**WORK REQUIRED:**
What you should give back is a precise copy of the lines below from the one containing "sofarium, sofas, butacas, colchones" through the one containing "德布劳内错失点球后抱头遗憾，", with no pictures.

**INFORMATION GIVEN:**
◆ ◆ ◆
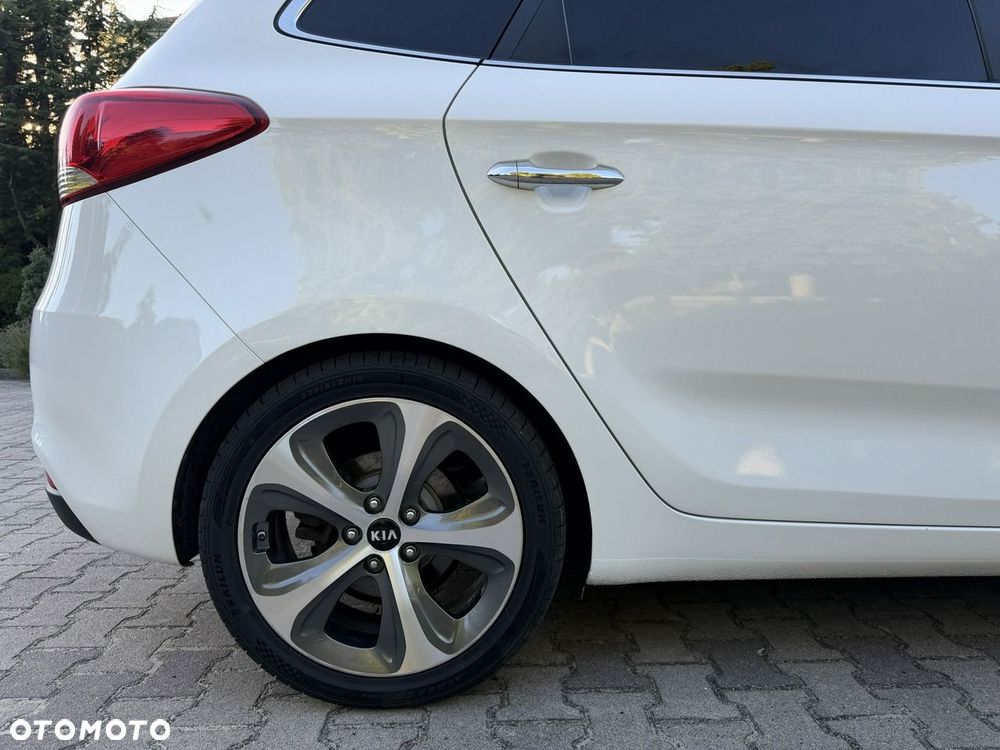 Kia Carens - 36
◆ ◆ ◆
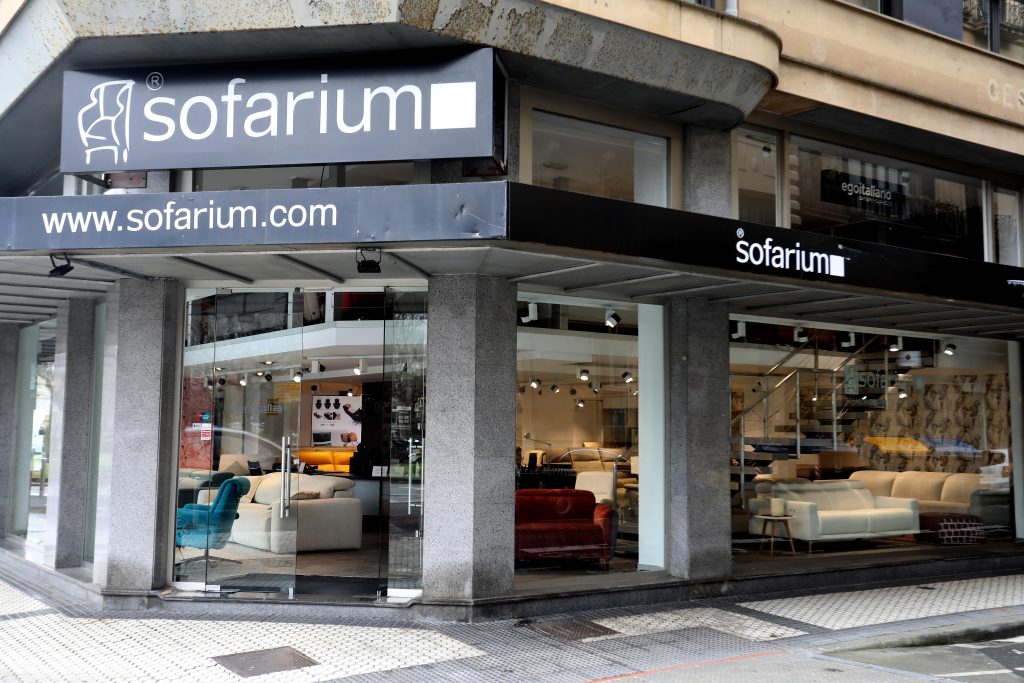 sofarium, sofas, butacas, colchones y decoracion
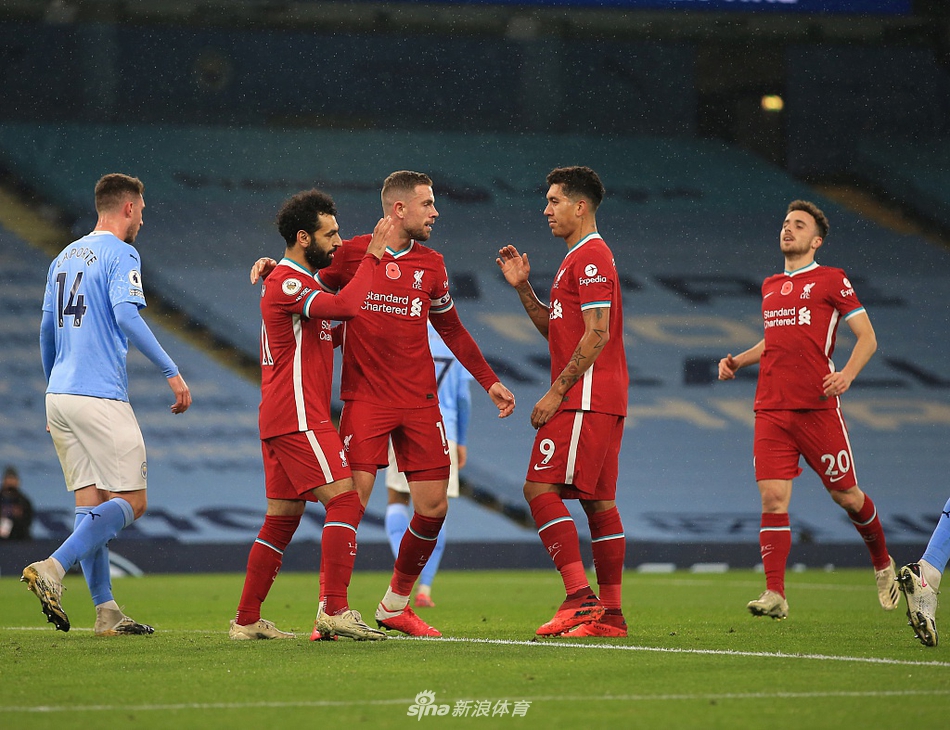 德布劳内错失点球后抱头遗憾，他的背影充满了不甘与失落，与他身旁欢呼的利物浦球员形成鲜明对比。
◆ ◆ ◆
**FINAL ANSWER:**
 sofarium, sofas, butacas, colchones y decoracion
 德布劳内错失点球后抱头遗憾，他的背影充满了不甘与失落，与他身旁欢呼的利物浦球员形成鲜明对比。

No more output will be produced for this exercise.